I'd lean towards a signature string of ``v [handle]`` but this ability
to be more specific about the meaning of varargs parameters is
inconsistent with closures which can only report ``v & args`` from the
formal parameters.  *Dunno.*

The documentation string is for use with ``help`` where it will get
printed out.  I have this fanciful idea that the documentation string
might be processed by, say, :program:`rst2txt` (ReStructuredText to
text) and so I've encoded most documentation strings with that in
mind.  What I haven't done is made any progress in doing the
processing.

The actual ``pair`` PRIMITIVE looks like:

.. code-block:: c

   IDIO_DEFINE_PRIMITIVE2_DS ("pair", pair, (IDIO h, IDIO t), "h t", "\
   create a `pair` from `h` and `t`	\n\
   ")
   {
       IDIO_ASSERT (h);
       IDIO_ASSERT (t);

       return idio_pair (h, t);
   }

Note the assertions of the parameters being passed in.  The only
difference is that we've filled in the ``sigstr`` and ``docstr``
fields.

You can immediately guess that the non-``_DS`` variants simply call
the ``_DS`` variants with ``""`` for the signature and documentation
strings.

.. rst-class:: center

\*

So far, then, we've organised to create a static instance of a
``struct idio_primitive_desc_s`` and defined a :lname:`C` function.
We need to do something with it otherwise the pair of them will just
hang about in the executable doing nothing useful as no-one knows to
call them.

That requires an explicit use the of primitive's description structure
although we don't need to know anything about that directly, we just
need to know the :lname:`C` function name snippet and we can work out
the rest from there.

You may recall all of the :file:`src/*.c` files relating to types have
a similar bootstrap structure including:

.. code-block:: c

   void idio_pair_add_primitives ()
   {
   }

into which we need to "add" our primitive:

.. code-block:: c

   void idio_pair_add_primitives ()
   {
       IDIO_ADD_PRIMITIVE (pair);
   }

:samp:`IDIO_ADD_PRIMITIVE(pair)` is another :lname:`C` macro which
expands into:

.. code-block:: c

   void idio_pair_add_primitives ()
   {
       idio_add_primitive (&idio_primitive_data_pair,
			   idio_vm_constants,
			   __FILE__,
			   __LINE__);
   }

and ``idio_add_primitive()`` does the dirty business of adding a new
symbol (derived from the :lname:`C` string :samp:`{name}`) and have it
reference the ``idio_primitive_t`` (itself constructed from the
``struct idio_primitive_desc_s``).

In principle, this arrangement allows us to construct a primitive
function "manually" as separate from the above sequence of "automated"
construction.  That said, I have yet to create a primitive manually so
this dance through a static object feels like a bit of a waste.

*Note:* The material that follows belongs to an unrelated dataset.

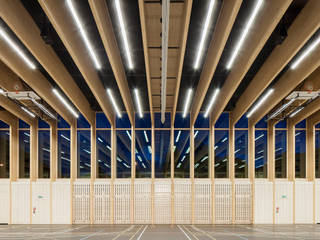 Sporthalle Sargans, Blue Architects Blue Architects Commercial spaces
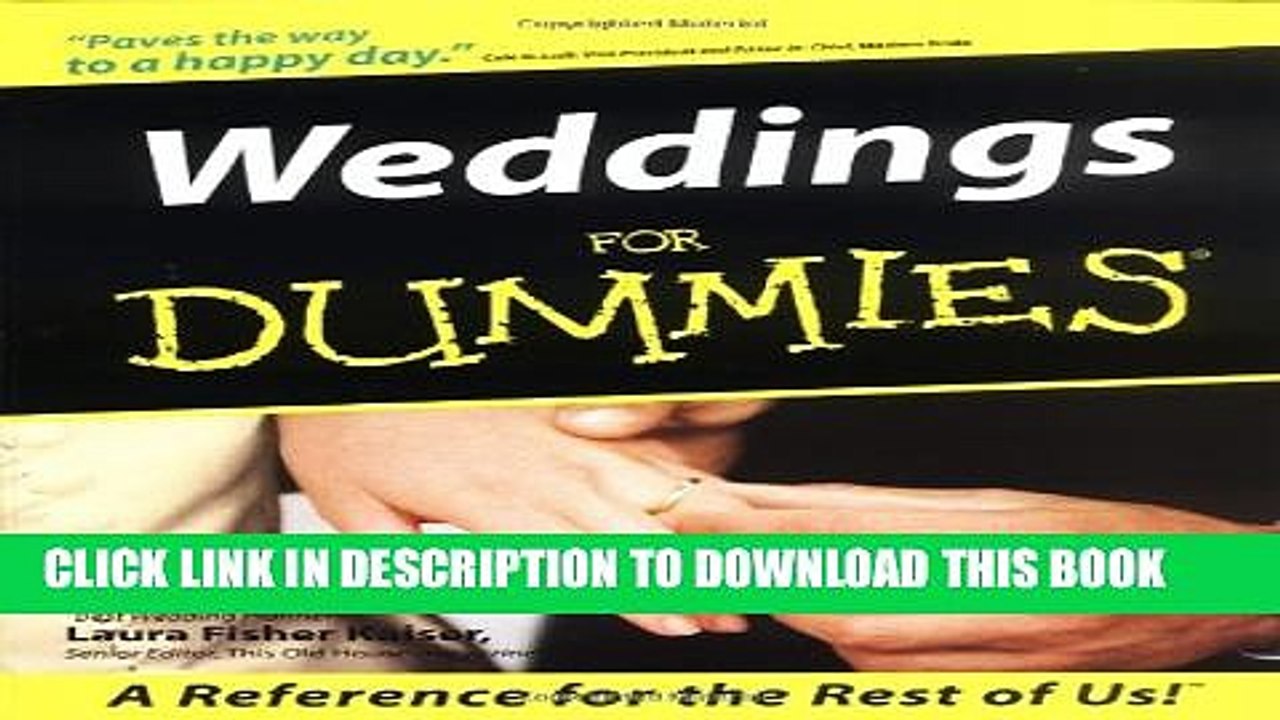 [Read PDF] Weddings For Dummies (For Dummies (Lifestyles Paperback)) Ebook Free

That's it.  For primitives, then, we have a two-step shimmy, a
:lname:`C` macro at the start of the function's implementation and
another macro to add it into the :lname:`Idio` engine.

.. rst-class:: center

---

There are, of course, a few variations on the theme.  Normally,
primitives are added to the ``Idio`` module and implicitly exported
from that module.  However, we might want to add a primitive to
another module.

:samp:`libc` is a module wrappering a number of :lname:`libc` system
calls where the result is useful as an :lname:`Idio` value (and thus
requires some data representation transmutation).  :lname:`libc`'s
systems call names frequently clash with "normal" :lname:`Idio` usage
-- ``read`` is our canonical example.  So, here, we want to add the
primitive to a different module (:samp:`libc` rather than
:samp:`Idio`).

Separately, we might want to export that primitive from the module.
Indeed, all of the primitives in :samp:`libc` are exported.  By
exporting the name we can call it "long-hand" from elsewhere:

.. code-block:: idio

   libc/getrlimit libc/RLIMIT_NOFILE

If ``getrlimit`` (and ``RLIMIT_NOFILE``) was not exported from
:samp:`libc` then the above call would fail.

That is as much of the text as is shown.